___ Records to use ___

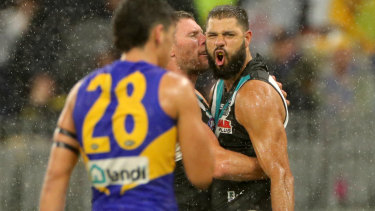 Paddy Ryder puts another goal through for Port Adelaide.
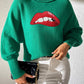 Woman wearing Bella Road Lip Turtleneck Long Sleeve Sweater, green with bold red lips design, styled with white pants.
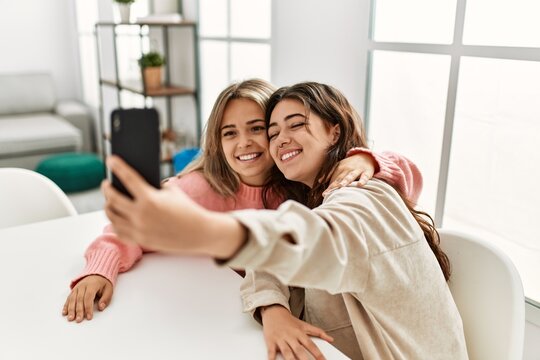 Young couple smiling happy making selfie by the smartphone at home.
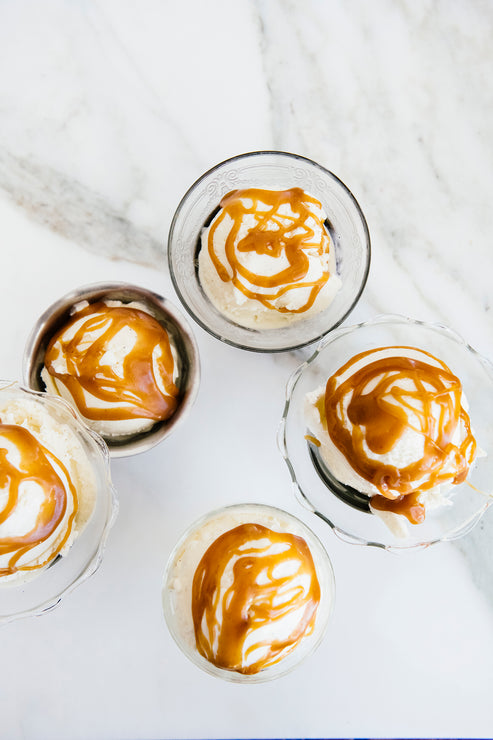 Load image into Gallery viewer, Bowls of ice cream topped with Salted Caramel Sauce
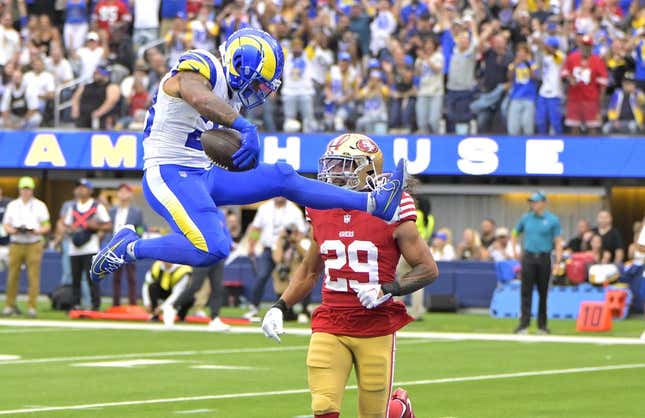 Sep 17, 2023; Inglewood, California, USA; Los Angeles Rams running back Kyren Williams (23) hurdles into the end zone for a touchdown at San Francisco 49ers defensive tackle Javon Kinlaw (99) looks on in the first half at SoFi Stadium.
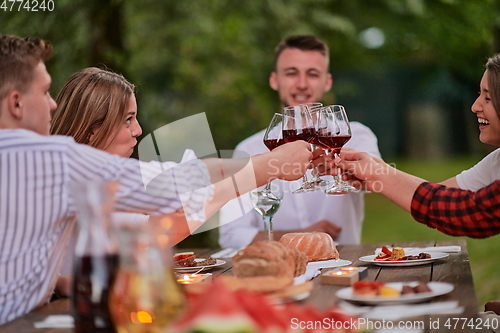 Image of friends toasting red wine glass while having picnic french dinner party outdoor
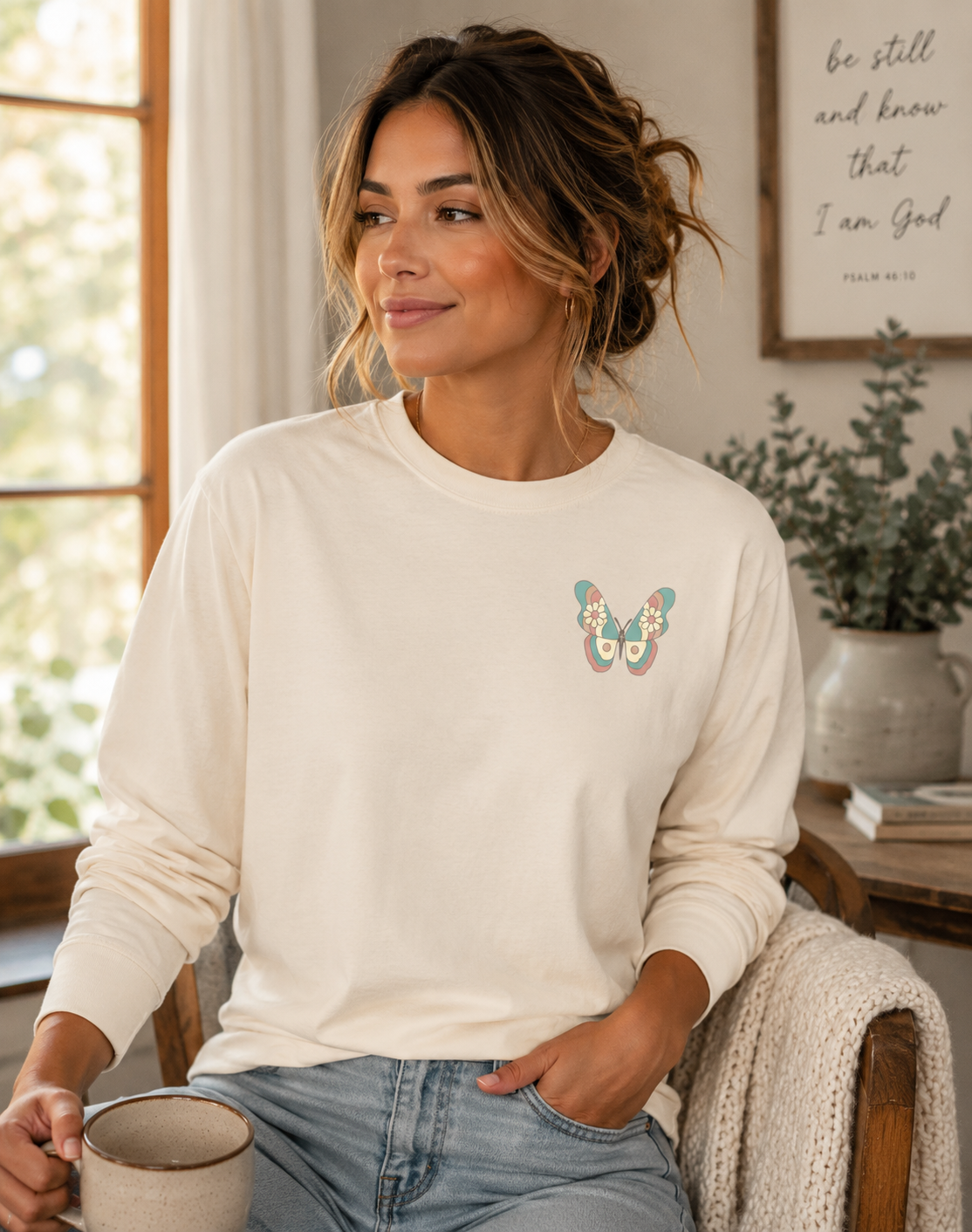 A woman sitting in a cozy room wearing an Ivory comfort colors long-sleeve t shirt with a colorful vintage butterfly graphic on the left chest, paired with light blue jeans.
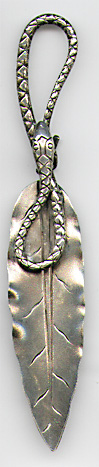 This bookmark was made in the US by Gorham. It is marked with the Gorham hallmark and Sterling and 49. The top is a figural snake and the bottom blade is a leaf. This is from the Autumn 1888 Gorham catalog where they sold 33 different bookmarks.  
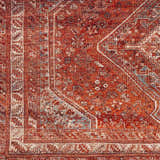Close-up of the Siocon Washable Area Rug showing its traditional, intricate pattern and rich red, blue, and cream colors. Swatch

___

__Goal of the exercise__: An exact retyping of the material, minus the pictures, is the required answer.

__Reply__:
 Paddy Ryder puts another goal through for Port Adelaide.
 Woman wearing Bella Road Lip Turtleneck Long Sleeve Sweater, green with bold red lips design, styled with white pants.
 Young couple smiling happy making selfie by the smartphone at home.
 Load image into Gallery viewer, Bowls of ice cream topped with Salted Caramel Sauce
 Sep 17, 2023; Inglewood, California, USA; Los Angeles Rams running back Kyren Williams (23) hurdles into the end zone for a touchdown at San Francisco 49ers defensive tackle Javon Kinlaw (99) looks on in the first half at SoFi Stadium.
 Image of friends toasting red wine glass while having picnic french dinner party outdoor
 A woman sitting in a cozy room wearing an Ivory comfort colors long-sleeve t shirt with a colorful vintage butterfly graphic on the left chest, paired with light blue jeans.
 This bookmark was made in the US by Gorham. It is marked with the Gorham hallmark and Sterling and 49. The top is a figural snake and the bottom blade is a leaf. This is from the Autumn 1888 Gorham catalog where they sold 33 different bookmarks.  
Close-up of the Siocon Washable Area Rug showing its traditional, intricate pattern and rich red, blue, and cream colors. Swatch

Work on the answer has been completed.